Lucy Trent wanted a short end of ribs with pit beans, crispy fries, and cold beer. I wanted the same thing, the only difference being that I wanted it while sitting in my easy chair in front of my television. It was Sunday in October, a day intended for artery-busting barbeque and football.
We were at LC’s, a dive on Blue Parkway, a road that ran through Kansas City’s east side. The name was a misnomer; the closest parks were the ballparks where the Chiefs and Royals played, a few miles away off of I-70. LC’s sat next to Parkway Auto Brokers. LC ringed his place with wrought-iron security bars, Parkway preferring chain link and razor wire. They knew their neighborhood.

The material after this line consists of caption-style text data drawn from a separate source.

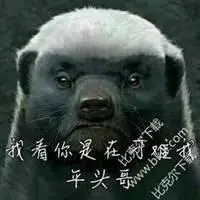 蜜獾平头哥卡通头像_微信头像图片大全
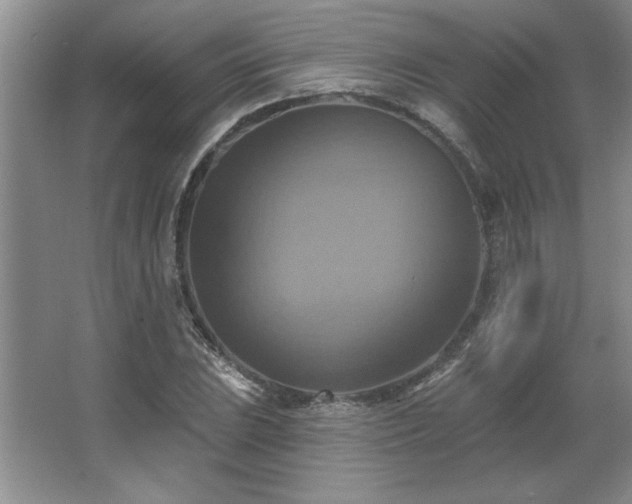 X0000067351023200603311146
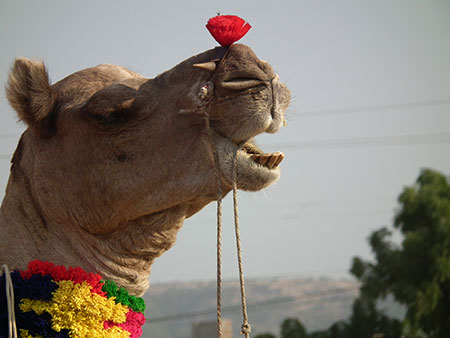 Camel photo image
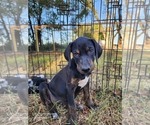 Small #11 Catahoula Leopard Dog
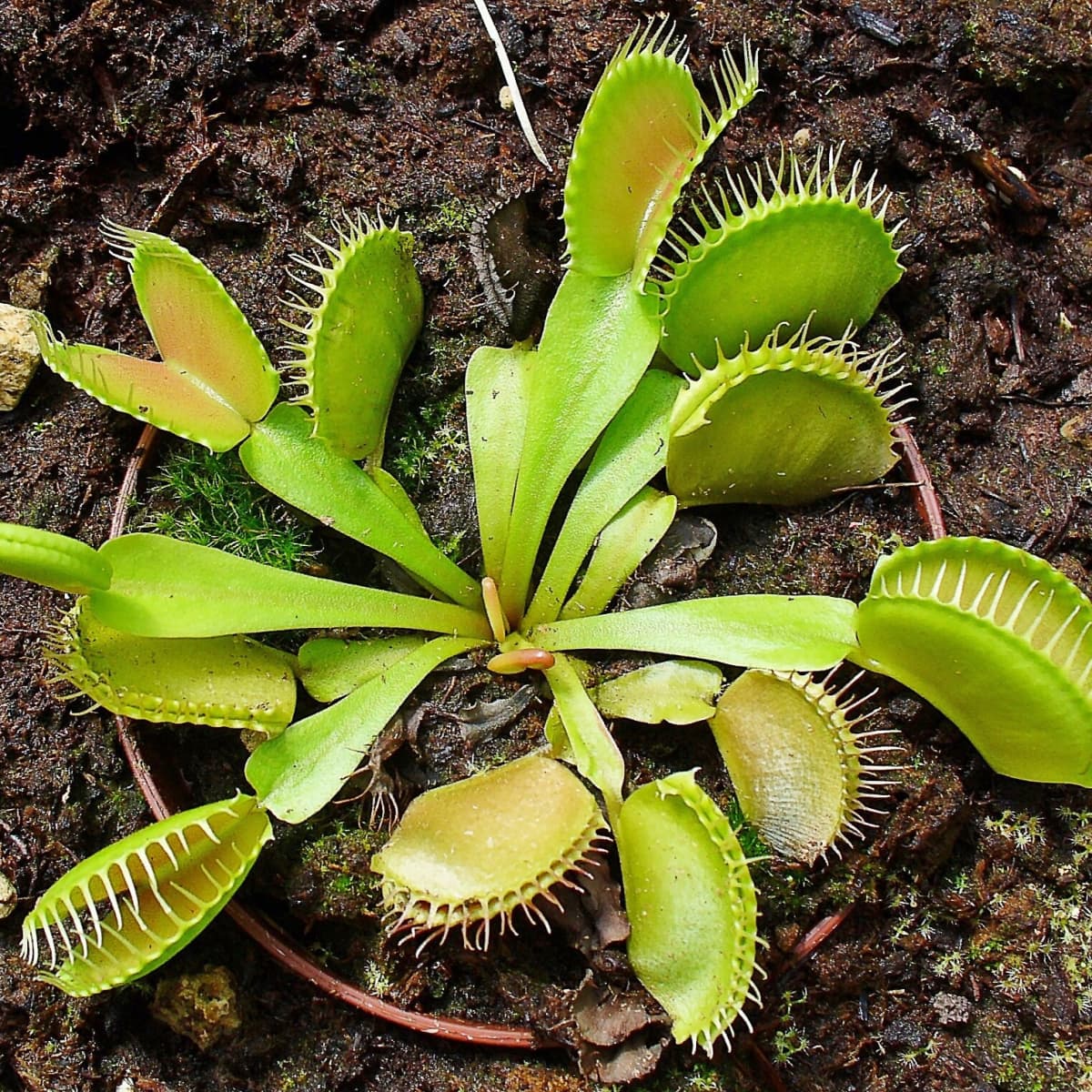 How to Care for Venus Flytraps - 10 best tips for begginers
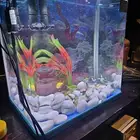 حوض سمك بديكوراته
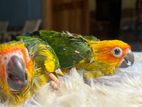Sun Conure Chicks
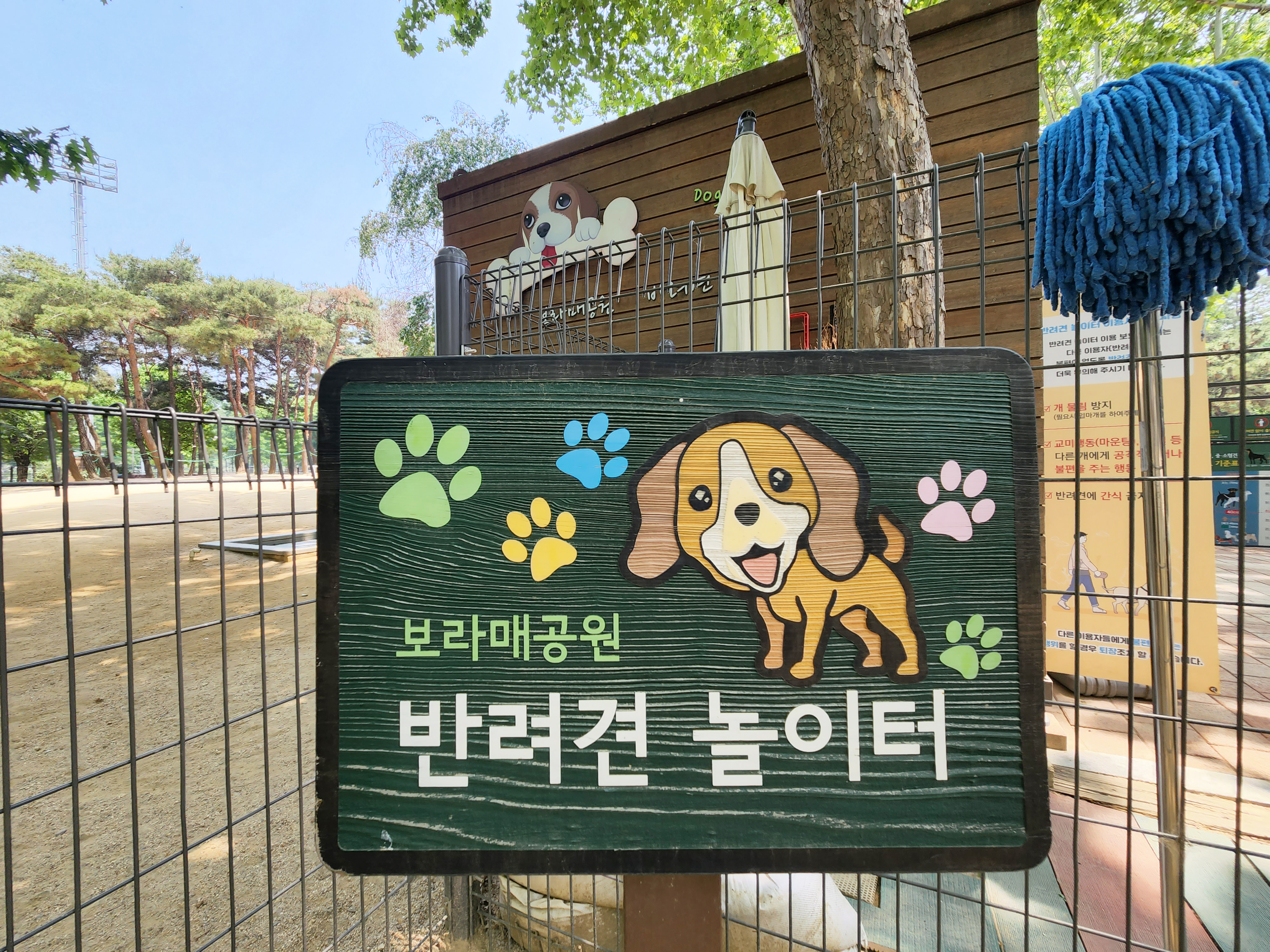 반려견공원앞공영주차장 산책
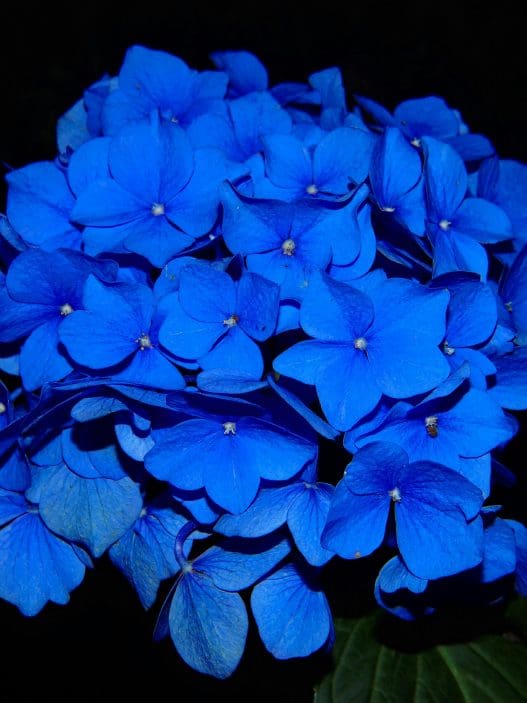 blue funeral flowers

LC was behind the counter, ribbons of heat rolling over him from the open smoker as he checked slabs, briskets, and chickens, wiping sweat from his dark brown forehead. The fifty-inch television hanging from one corner of the ceiling was on the fritz, all snow and no football.
“Quit moping,” Lucy said. “You’ll be home in time for the late-afternoon game and the night game.”
“Yeah, but I’m missing the first game.”
“Who’s playing?”
“Who cares? What matters is that I’m not watching.”
“Poor Jack Davis. He lives a life of unrelenting cruelty.”
“Are you making fun of me?”
“If you have to ask, it’s not nearly as much fun.”
“Order up,” LC said.
Lucy brought our food to the table carrying a tray in one hand and a brown bag, grease staining the paper, in the other.
“Simon’s dinner,” she said, setting the bag on an empty chair.
Lucy was an ex-cop, ex-con, and private investigator for Alexander Investigations. Her boyfriend and my best friend, Simon Alexander, was the owner. Simon specialized in cyber crime. Lucy worked the human side, investing her heart in her clients. I was her part-time gun. A convicted felon, she couldn’t possess a firearm, but I could even though I had a movement disorder that made me shake and had forced me to retire after twenty-five years with the FBI. Who said justice was blind?
“Simon gets barbeque and he gets to watch the game?” I asked.
“Yes,” Lucy said, patting me on the head. “And you got barbeque and a trip to the Municipal Farm to visit Jimmy Martin. Aren’t you the lucky man?”
“Luckier than Jimmy. Did you really think he’d tell us where he buried his kids?”
“Evan and Cara are missing. No one says they’re dead.”
“Evan is six and Cara is eight years old, and they’ve been missing for three weeks as of yesterday. How many of those kids come home?”
“Not many. I know. But that doesn’t mean he killed them.”
“Let’s see,” I said, ticking the facts off one by one. “Jimmy and his wife are in the middle of the divorce from hell. She threw him out and had to get an order of protection against him. He can’t see Evan and Cara unless it’s with a court-appointed social worker. The kids disappeared the same day he was arrested for stealing copper wire and tubing from a construction site.”
“I know. I know,” Lucy said. “We’ve been over this. His lawyer asked the judge to release him on his own recognizance since he wasn’t a flight risk because he wanted to be with his kids.”
“And?”
Lucy leaned back in her chair, arms crossed, reciting as if she was being coerced. “And, his wife was in the courtroom and whispered to the prosecutor to ask Jimmy where the kids were, and Jimmy refused to answer, so the judge said no bail and sent him to the Municipal Farm because the county jail was full. He didn’t even take the Fifth. Just acted like he didn’t hear the question.”
“That’s the great thing about the privilege against self-incrimination. You can’t exercise it without everyone thinking you’re a criminal. So, either he killed his kids so his wife couldn’t have them, or he’s torturing her by making her think he knows where they are even though he doesn’t. I don’t know why you were so hot to talk to him. If he won’t tell his wife or the judge what he knows about the kids, assuming he knows anything at all, he sure as hell isn’t going to tell us.”
“I get that, Jack. But it can’t hurt to try. Their mother hasn’t given up hope. That’s why Peggy hired us. So, I’m not giving up either.” Lucy slowly stirred the pool of ketchup on her plate with a cold french fry. “It’s just so hard to believe he’d let her suffer like that, make her wonder what happened.”
“Never underestimate an angry man’s capacity for cruelty. There was a case in Alabama where a father killed his four children, threw them off a bridge, to torture his wife.”
“Which is worse? Mourning their deaths or never knowing if you can?”
I took a deep breath, thinking about my dead children. “I’ve done both and wouldn’t wish the choice on anybody.”
“I know,” she said, taking my hand, “and that’s why I asked you to go with me to see Jimmy Martin. You don’t really miss watching that football game, do you?”
I smiled and shook my head. “Not for a minute. Eat your lunch before it gets cold.”